ほんとに、わすかな隙間から顔を出して咲いてました。春の花壇では良く見るものの、ウォールフラワーという俗名の通り、本当に壁に咲いているものはあまり見かけないので写真を撮った次第。これを見ると、ダンスに誘われるのを待って壁の、側に座っている女の子達に例えられたというのがわかる気がします。

さて、ウォールフラワーの中にも、多年草として育てるものもあります。2年草として育てるウォールフラワーは、咲くシーズンが比較的短いので、私は、自分の庭には植えた事がないのですが、去年の夏、多年草の紫色をしたウォールフラワーであるErysimum "Bowles's Mauve"(エリシマム ボウルズ・モーブ)を購入しました。エリシマム ボウルズ・モーブは、1982年にチェルシー・フラワー・ショーでデビューした花で、1973-1982年の10年間の新種植物の中で、最高のものとチェルシーのお墨付き入り。

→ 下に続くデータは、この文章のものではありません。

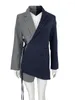 Women's Suits Yuerwang 2024 Spring Women Blazer Jacket Asymmetrical Patchwork Bandage Irregular Suit Coat Dropship Wholesale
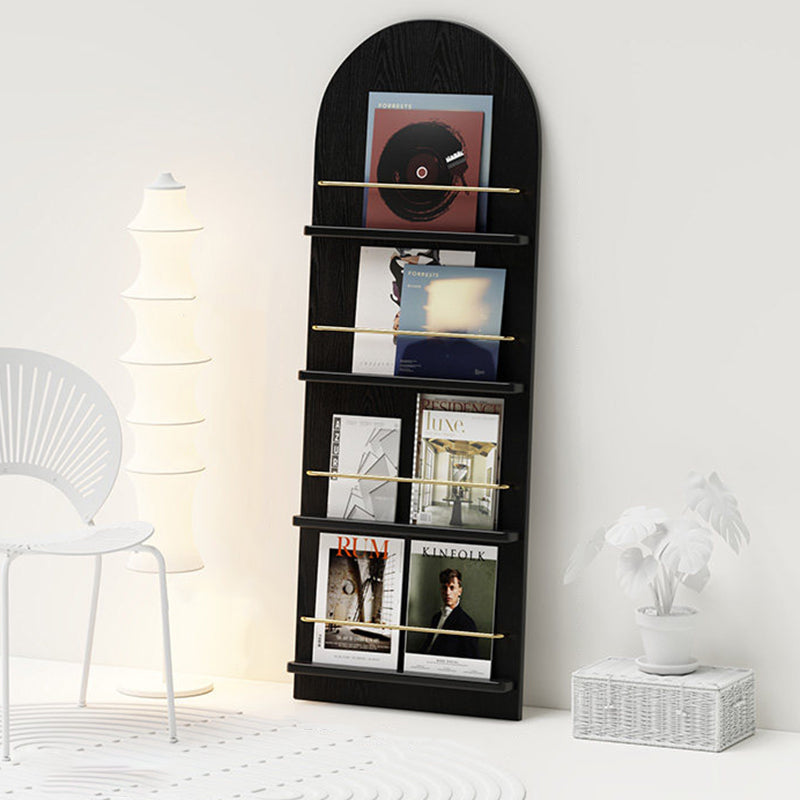 Modern Minimalist Rubberwood Arched Floor-Standing Bookshelf 3/4-Layer For Study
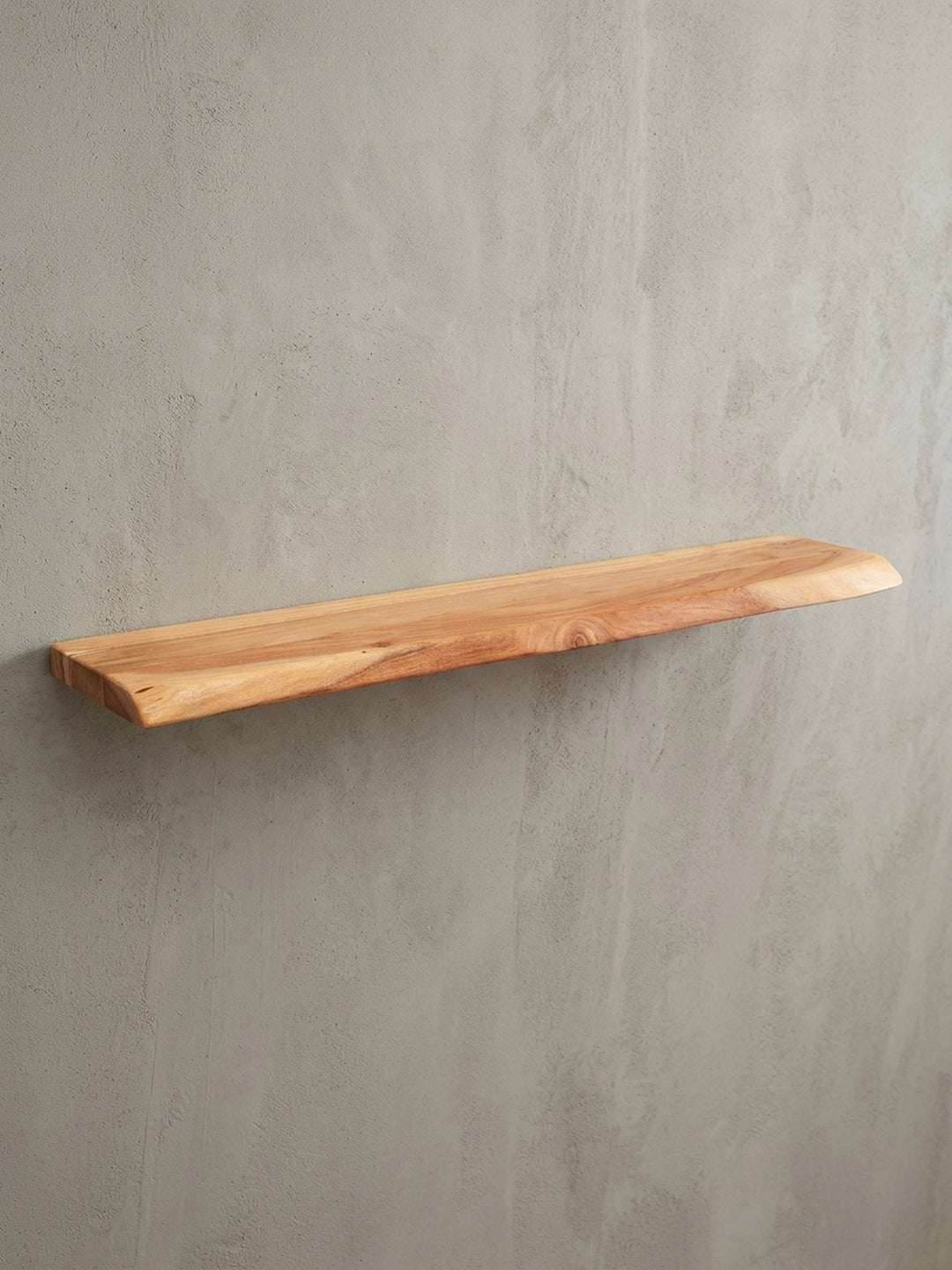 Technisches Produktbild des Wandregals aus Akazie mit exakten Maßen: Länge 80 cm, Tiefe 25 cm und Stärke 4 cm für eine präzise Wandmontage._
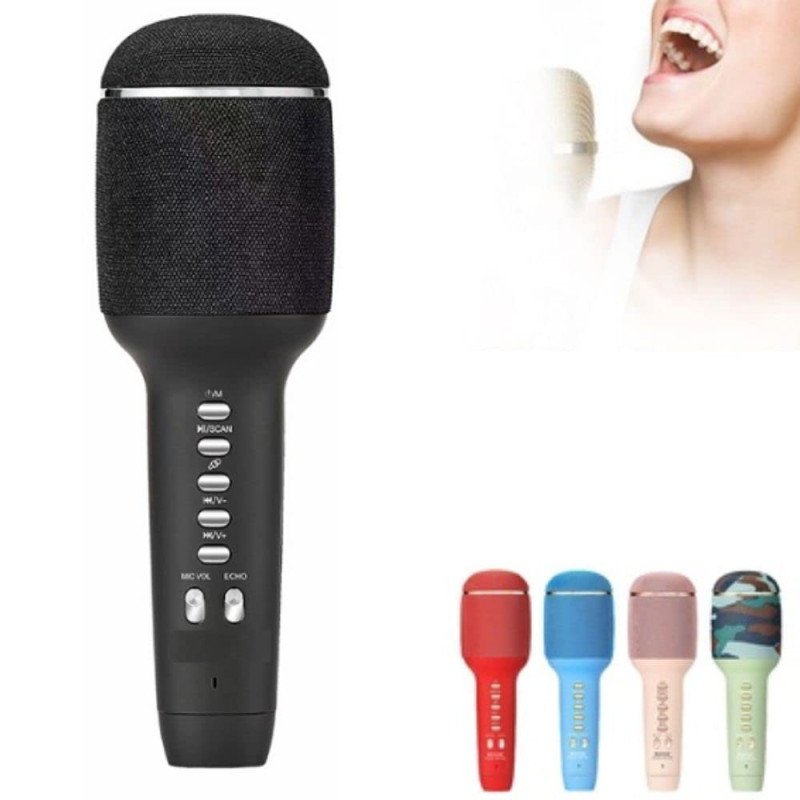 MM TOYS (Karaoke) Wireless Connection Mike Bluetooth Microphone with Audio Recording , USB Support , Voice Changer For Kids And Adults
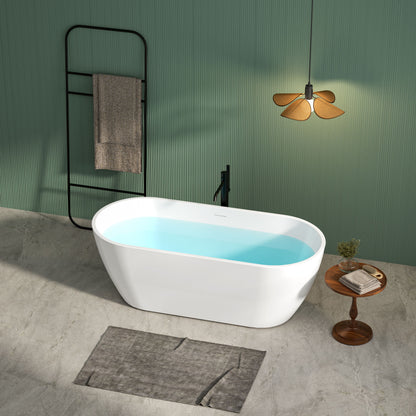 Acrylic Freestanding Soaking Bathtub With Integrated Slotted Overflow And Brushed Nickel Toe-Tap Drain, Cupc Certified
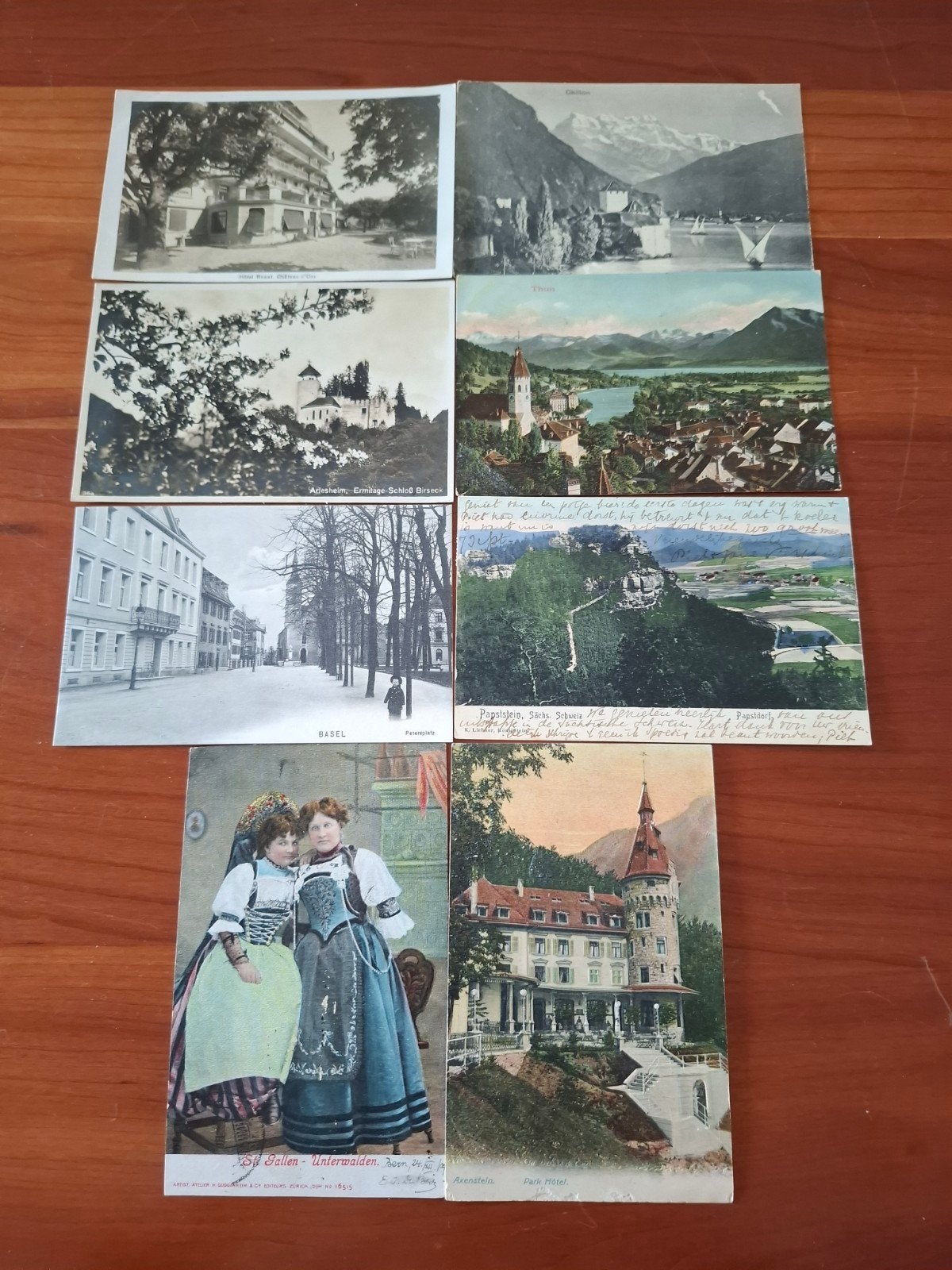 8 Oude Ansichtkaarten Zwitserland begin 1900, Ophalen of Verzenden, Voor 1920, Overig Europa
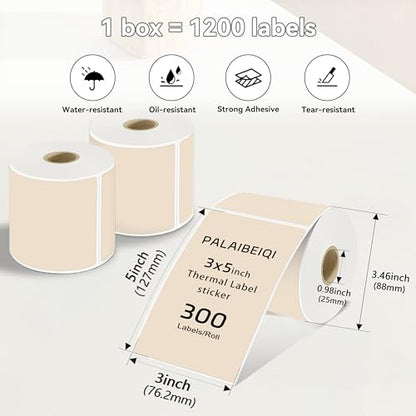 3x5 Inch Thermal Labels,Rectangle Sticker,1200PCS Water Proof Shipping Labels with Strong Adhesive,Compatible with Zebra & Rollo,for Moving Boxes,Inventory,4 Rolls of Light Brown - color: 4 Rolls of Light Brown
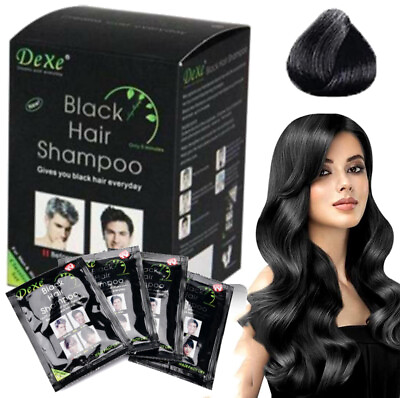 #ad 10PCS Natural Black Hair Dye Shampoo for Women Men Instant Hair Color Shampoo $12.95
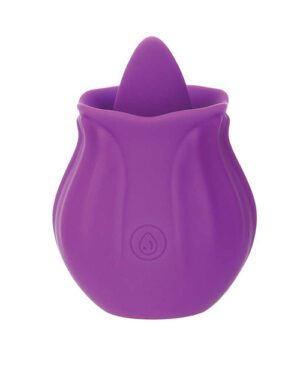 A purple silicone menstrual cup isolated on a white background.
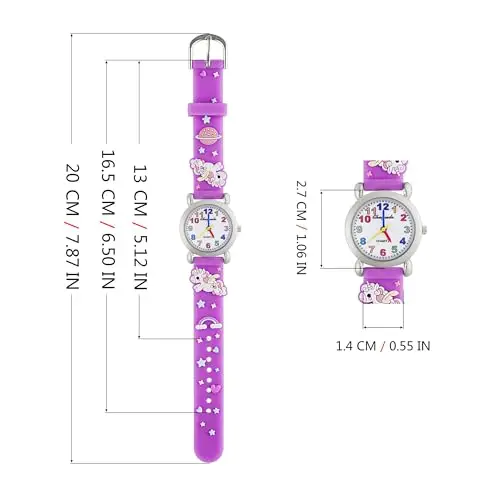 MUXIJIA Orologio Educativo per Bambini - Analogico Quarzo Orologi da Polso per Bambine e ragazze - 3D Cartone Animato miniatura 3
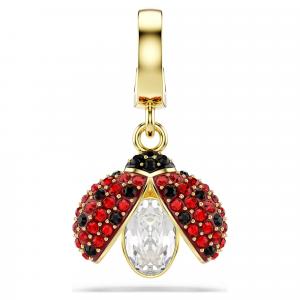 Шарм Swarovski Idyllia Ladybug, красный/с позолоченным покрытием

買って約1年で、あっという間に成長し、いまや、花と言うより、貫禄のある茂みの風情。葉は常緑である上、とにかく花の期間が長~くてびっくりしました。冬の間でさえも、ちょぼちょぼ咲いており、初春に、少し暖かくなったかな、と思うと、わーっと一斉に咲き始め、春一番に蜂達に蜜を与えていました。日当たりの良い場所に植えてあるという他は、手入れと言って特に何もしておらず、花が終わった長い茎を切り取っていただけ。この夏は、あまり巨大化しないように、少し、刈り込むつもりではいます。鼻を近づけると、ほんのり良い香りもします。

エリシマム ボウルズ・モーブは、恥ずかしがり屋の「壁の花」というより、部屋の真ん中にどーんと構えている感じです。